*Data*
+---+
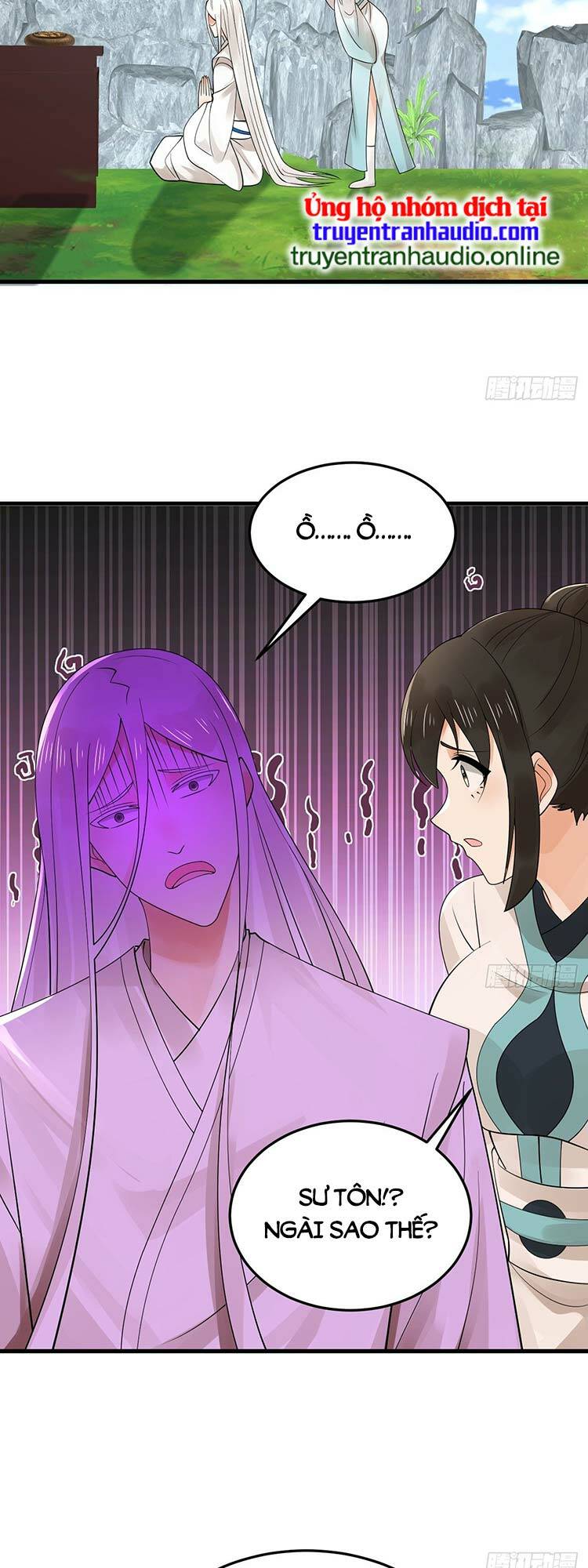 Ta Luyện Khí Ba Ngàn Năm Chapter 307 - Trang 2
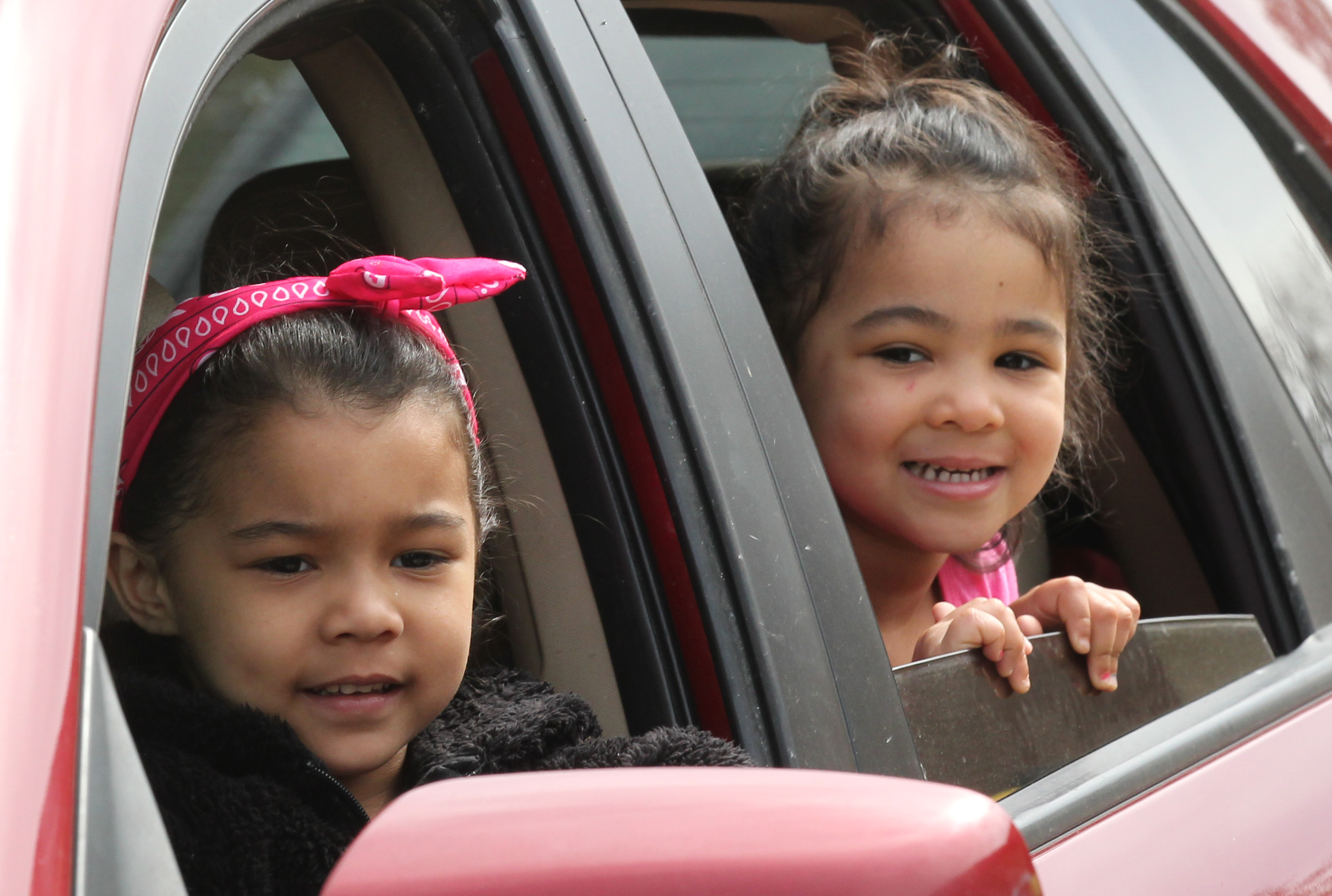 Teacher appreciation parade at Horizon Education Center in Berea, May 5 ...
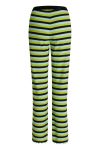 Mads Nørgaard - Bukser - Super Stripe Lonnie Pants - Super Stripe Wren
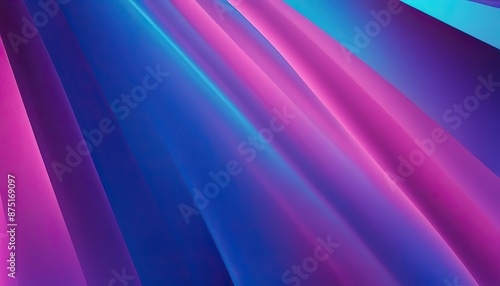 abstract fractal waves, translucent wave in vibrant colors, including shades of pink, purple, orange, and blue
+---+
Which lines fall between the one containing "Teacher appreciation parade" and the last line of the listing, both included? Give them again exactly, without the pictures.

*Task result*
 Teacher appreciation parade at Horizon Education Center in Berea, May 5 ...
 Mads Nørgaard - Bukser - Super Stripe Lonnie Pants - Super Stripe Wren
 abstract fractal waves, translucent wave in vibrant colors, including shades of pink, purple, orange, and blue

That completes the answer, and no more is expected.